Dmytro Oleksandrovych Dubilet (; born 27 May 1985) is a Ukrainian banker, businessman, one of the founders of Monobank, the first mobile bank in Ukraine, and politician. On 29 August 2019, he was appointed as the Minister of the Cabinet of Ministers. At the end of 2019, Dubilet left monobank due to the fact that he became a member of the government of Oleksiy Honcharuk, with whom he worked until March 2020. According to Dubilet's declaration for 2019, he sold his stake in monobank for UAH 29.9 million.

Biography 
Dmytro Dubilet was born and raised in Dnipro. He graduated from the Institute of International Relations at the Taras Shevchenko National University of Kyiv (2006). He also studied at the London Business School (2011).

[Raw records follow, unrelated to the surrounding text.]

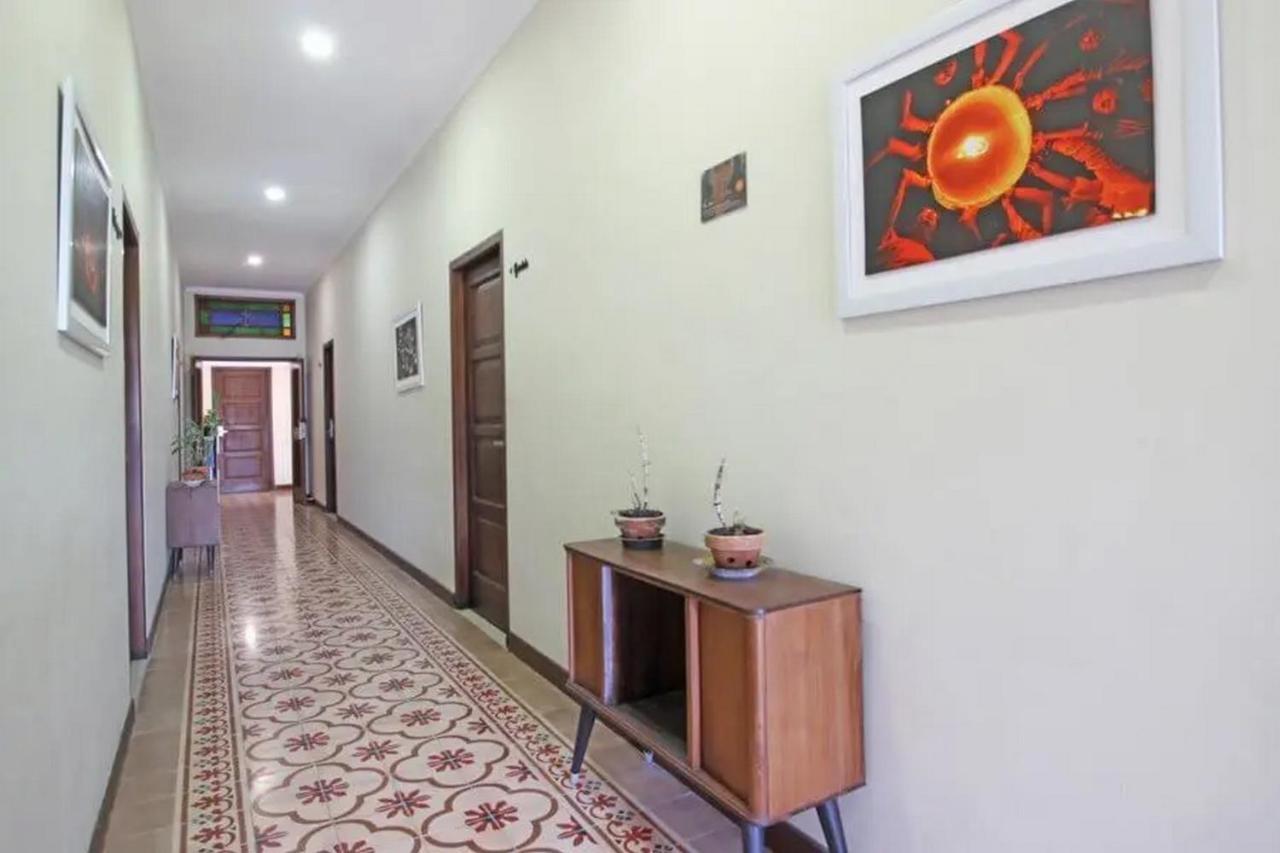 Urbanview Rumah Kandjani Yogyakarta Kejayan Екстериор снимка
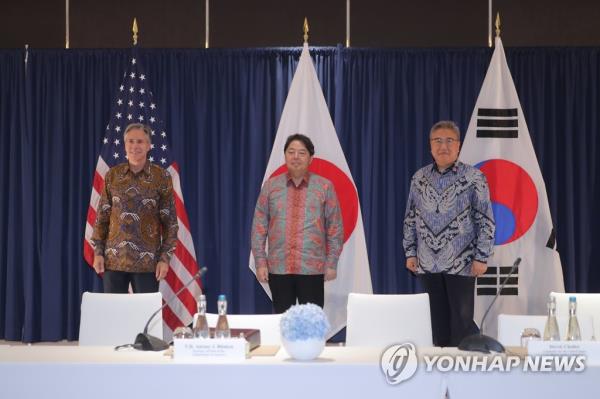 (From L to R) U.S. Secretary of State Antony Bl<em></em>inken, Japanese Foreign Minister Yoshimasa Hayashi and South Korean Foreign Minister Park Jin hold a trilateral meeting in Jakarta on July 14, 2023, to discuss measures against North Korea's missile provocations. (Pool photo) (Yonhap)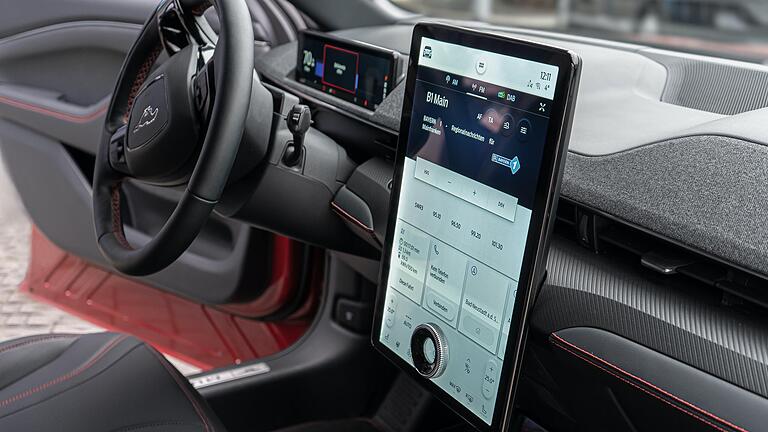 Damit machte Preh 2021 auf sich aufmerksam: Touchscreen mit einem haptischen Drehsteller, der durchbruchsfrei auf der Oberfläche befestigt ist, im Ford Mustang Mach-E. Damit machte Preh 2021 auf sich aufmerksam: Touchscreen mit einem haptischen Drehsteller, der durchbruchsfrei auf der Oberfläche befestigt ist, im Ford Mustang Mach-E.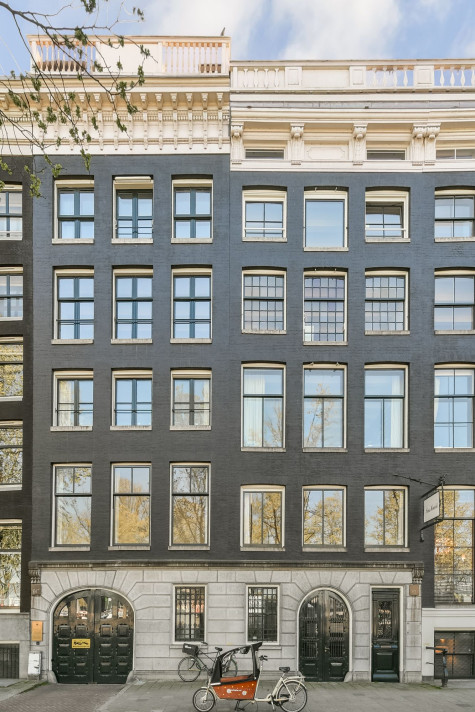 View photo 1/4 of apartment in Amsterdam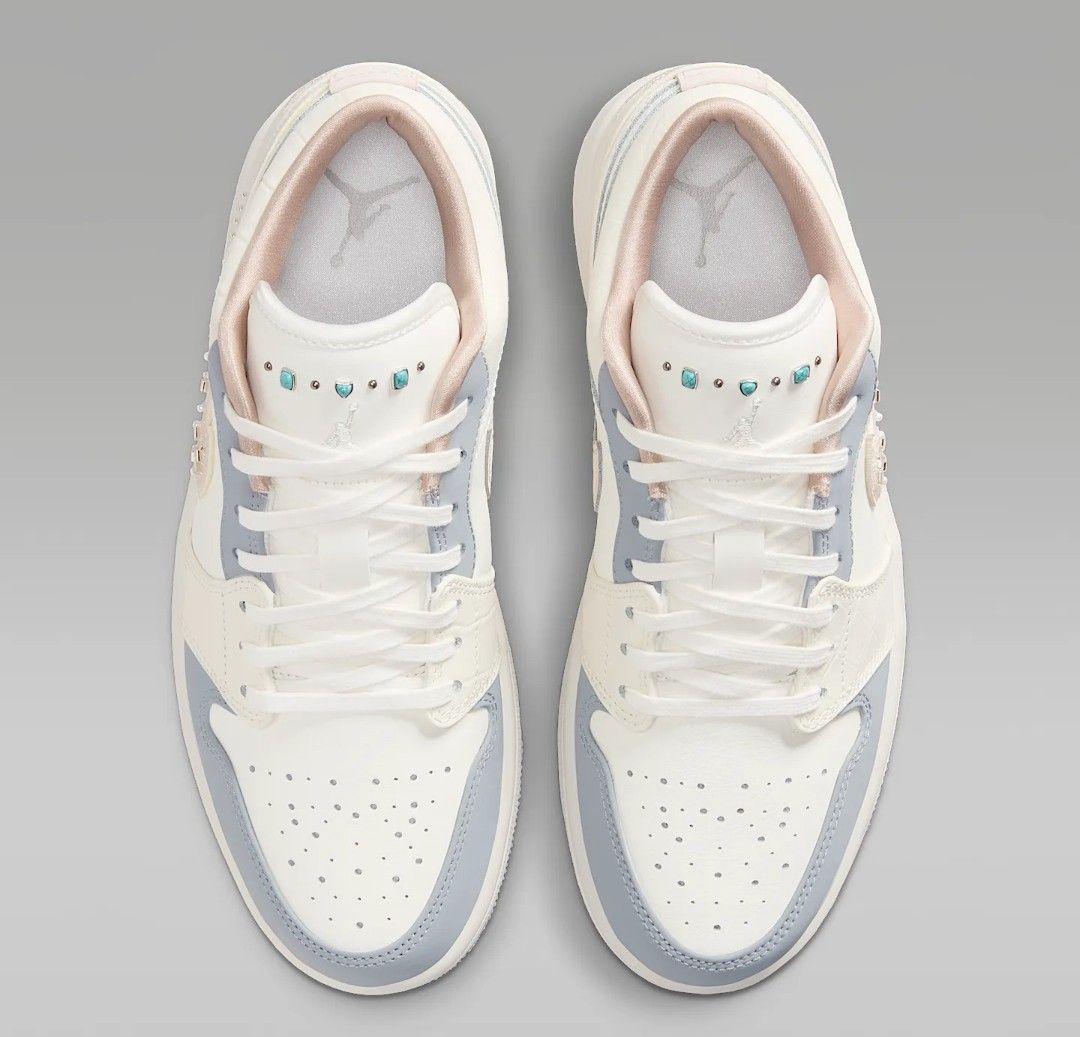 NIKE WMNS AIR JORDAN 1 LOW SE ターコイズ 24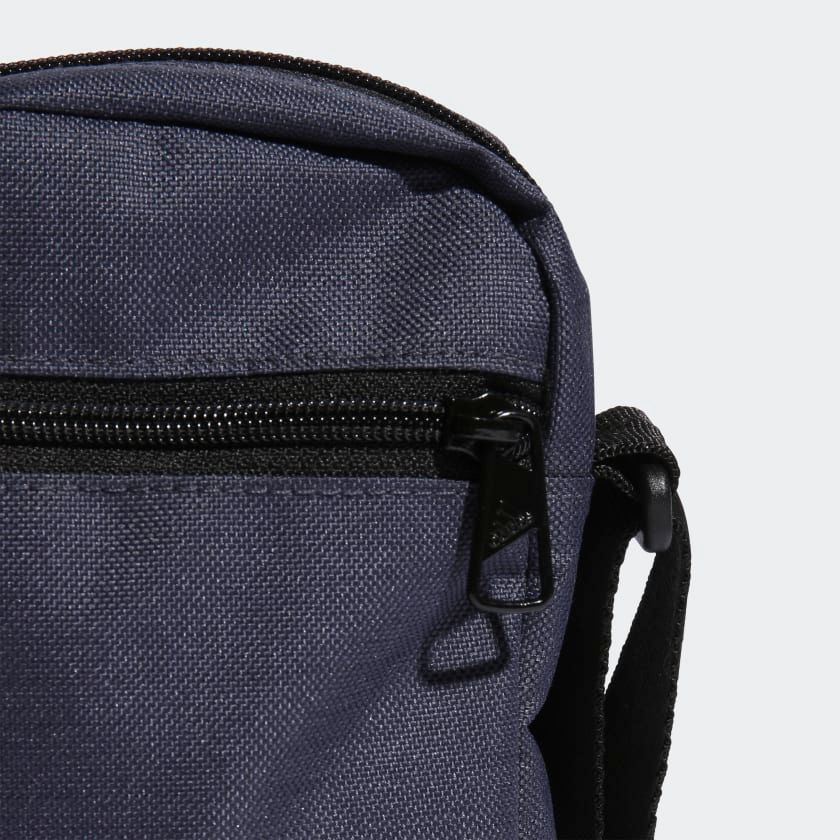 Túi xách thể thao adidas - HR5373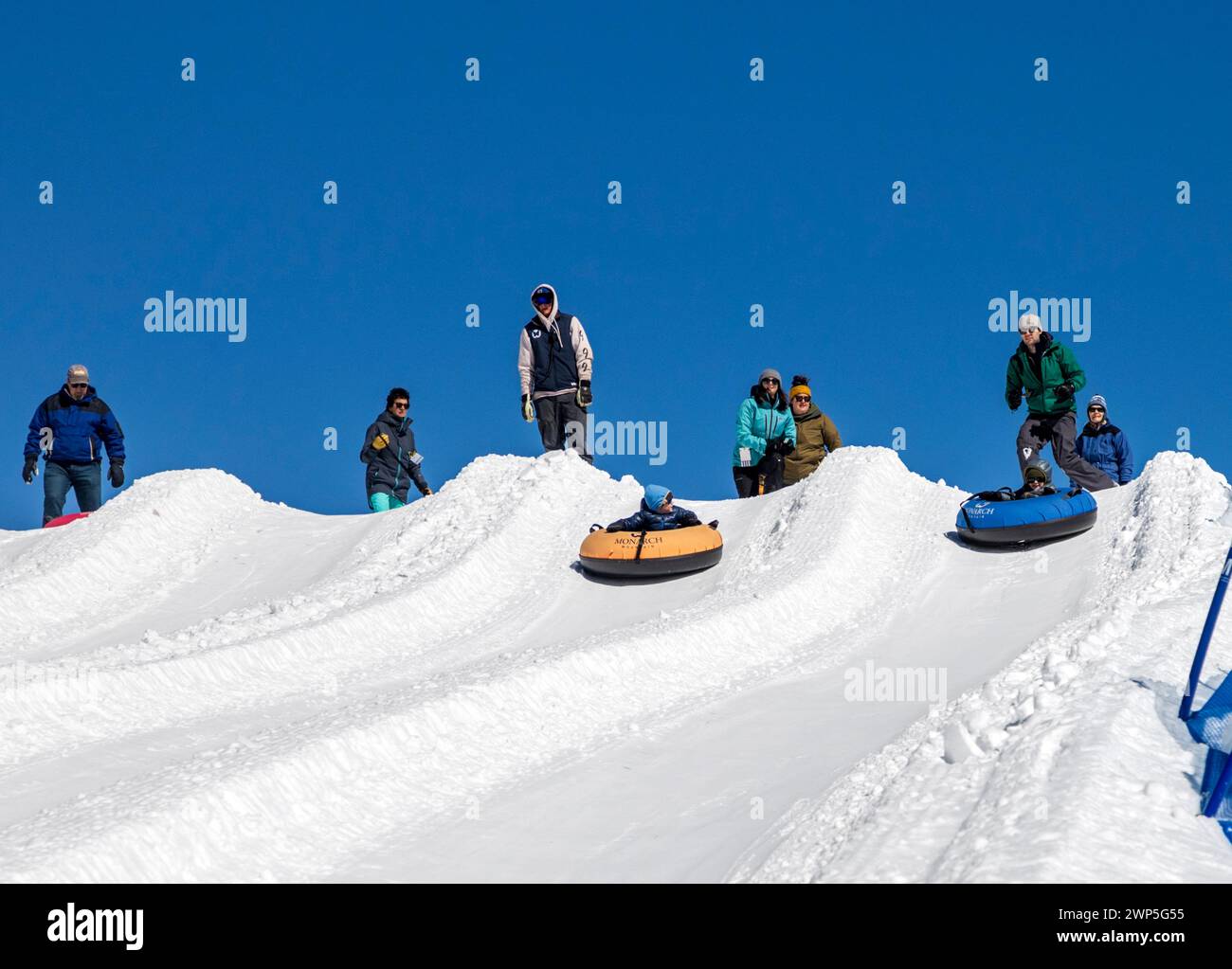 Tubing a Monarch Mountain; Colorado centrale; Stati Uniti Foto Stock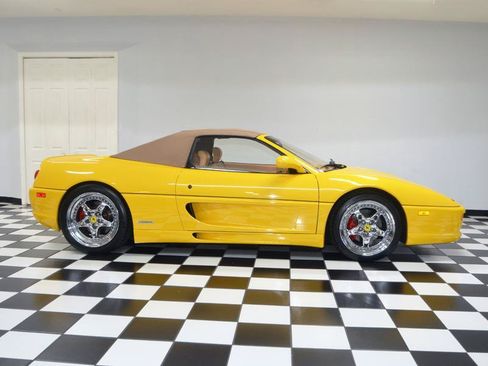 Used 1998 Ferrari F355 Spider RWD image 15
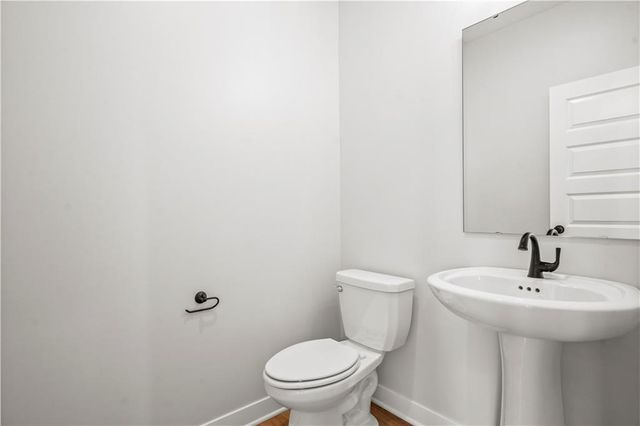 1917 SW Hightown Drive, Lee's Summit, MO 64082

Since 1999, he has worked in various positions, mostly in the banking industry.

From 2012 to 2016, Dubilet served as CIO for PrivatBank.

Since 2015, Dubilet started developing the iGov portal, which aims to fight corruption and provide government basic services online.

In 2017, he co-founded Fintech Band, which launched mobile-only  on the legal basis of Universal bank.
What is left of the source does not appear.